------ MATERIALS PROVIDED

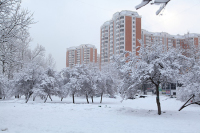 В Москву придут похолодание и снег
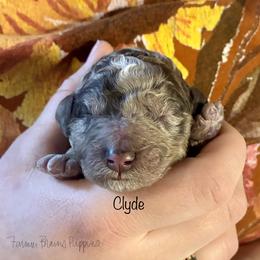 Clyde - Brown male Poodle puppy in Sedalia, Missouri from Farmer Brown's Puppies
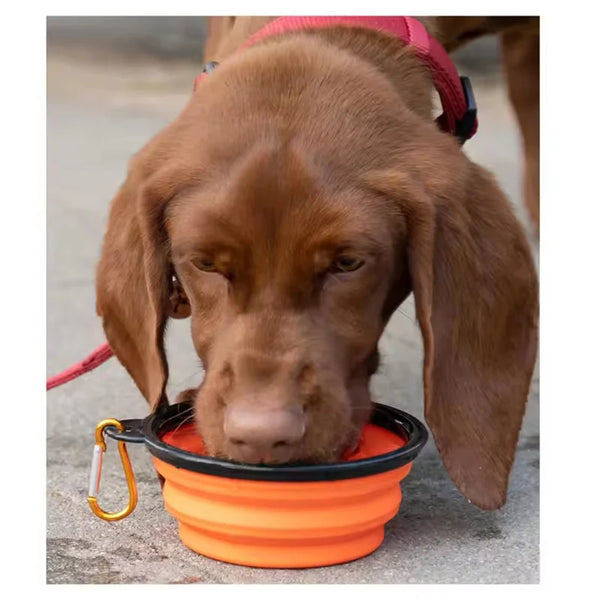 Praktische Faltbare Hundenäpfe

------------
------ MATERIALS PROVIDED

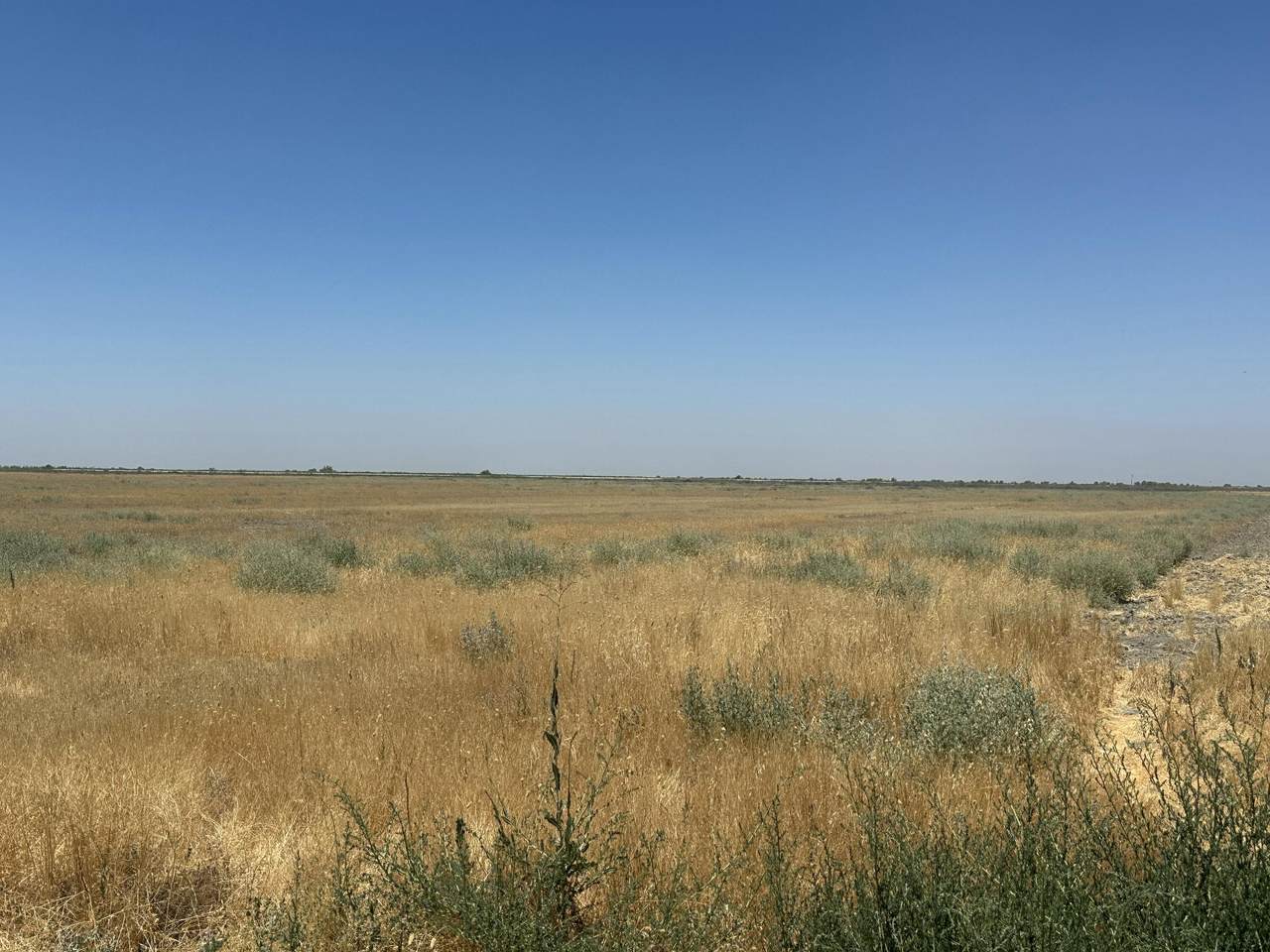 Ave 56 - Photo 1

------------

▶ _TASK DIRECTIONS_
Of all the material above, only the lines from the one that has "Clyde - Brown" down to the one that has "Praktische Faltbare Hundenäpfe" are to be written out, exactly and with both ends included. Pictures are skipped.

▶ _OUTPUT OF THE EXERCISE_
 Clyde - Brown male Poodle puppy in Sedalia, Missouri from Farmer Brown's Puppies
 Praktische Faltbare Hundenäpfe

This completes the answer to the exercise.